Data splitting method during artificial intelligence (AI) development and validation. (a) External validation: Split the development data into training data and validation data. External validation data was collected from the cohort independent of the development data (e.g., data from other institutions or data collected after AI development). (b) Split‐sample validation. the collected data were randomly divided into training, validation, and test sets. (c) Temporary validation. All data are divided into development and test data by period. Development data is randomly divided into training and validation data. (d) Internal validation (hold‐out method). All data is randomly divided into training and validation data. (e) Internal validation (k‐fold cross‐validation). k‐fold cross‐validation divides the dataset into k groups. One group is used for validation, while the others are used for training the model. This process is repeated k times, and the results are averaged. (f) Internal validation (leave‐one‐out validation). A model is created by dividing one case of a cohort into a validation group and the others into a training group, and after training validation, the same procedure is repeated so that all data are in the validation group, and the validation result of all cases is the final result.
Input value and models
The type of input values (image, clinical features, or a combination of these) should be confirmed. Next, it is necessary to determine whether the method is based on DL or ML. In the case of ML, it is important to consider the feature extraction methods, such as histograms or texture analysis. 24 , 25
Data volume
The inclusion criteria for the target cases and the method used for data splitting should be verified. DL often requires more training data than ML (DL > 1000, ML > 100). 5 , 20 To prevent data leakage (a phenomenon where information from the training group seeps into the validation/test groups, making it seem more accurate), all data from the same cases should be in the same split groups when the data are divided.
Metrics
Subsequently, the evaluation metrics of the model should be assessed. For classification tasks (such as disease diagnosis), the accuracy, sensitivity, specificity, and area under the curve from receiver operating characteristic (ROC) analysis can be used. In this case, describing the results using a confusion matrix is desirable. Detection performance can be evaluated for detection tasks using metrics such as intersection over union (IoU) or Dice score.
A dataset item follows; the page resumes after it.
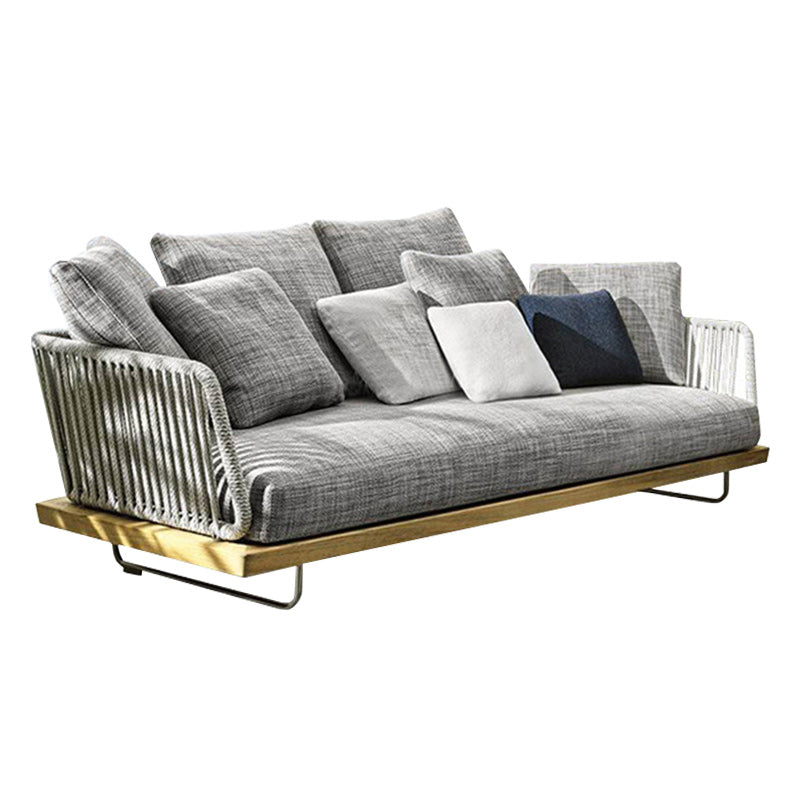 Aegean Sea Mediterranean Luxury Indoor Outdoor Teak Sofa - Mediterranean Tuscan Contemporary Home Decor Furniture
Generally, successful detection is defined as IoU≥0.5. 26 The IoU and confidence scores are used to classify true positives (correctly detected), false positives (misdetected), and false negatives (detection failed). Unlike in classification problems, true negatives (non‐lesion part not detected) cannot be theoretically calculated because there are countless negative areas. Therefore, detection evaluation metrics often include sensitivity (recall) or positive predictive value (precision), area under the curve of the precision‐recall‐curve, which is the average precision, and the mean average precision across classes. Theoretically, specificity, negative predictive value, and accuracy are not used (although calculations are sometimes performed by considering images without lesions as negative samples). 5 , 20 Metrics such as the mean IoU across classes are used for the segmentation tasks. Essentially, the metrics of the external validation group are the primary endpoints of the report. In the case of internal validation, the results of the validation group in the holdout method and the results of all cases in the cross‐validation become the primary endpoints.
AI FOR EUS IMAGES
While referring to existing articles on AI in the field of biliary and pancreatic medicine, the PubMed, Embase, and Cochrane databases were systematically searched for articles published from inception to March 31, 2023, by one author (Takamichi Kuwahara). 5 , 20 , 27 , 28 , 29 The search terms used were as follows: (artificial intelligence OR deep learning OR machine learning OR radiomics) AND (endoscopic ultrasonography OR endoscopic ultrasound OR EUS OR ERCP OR cholangioscopy). The findings of these articles indicated that AI for EUS has been developed for numerous purposes, such as classifying and detecting pancreatic tumors, pancreatic cysts, and submucosal tumors.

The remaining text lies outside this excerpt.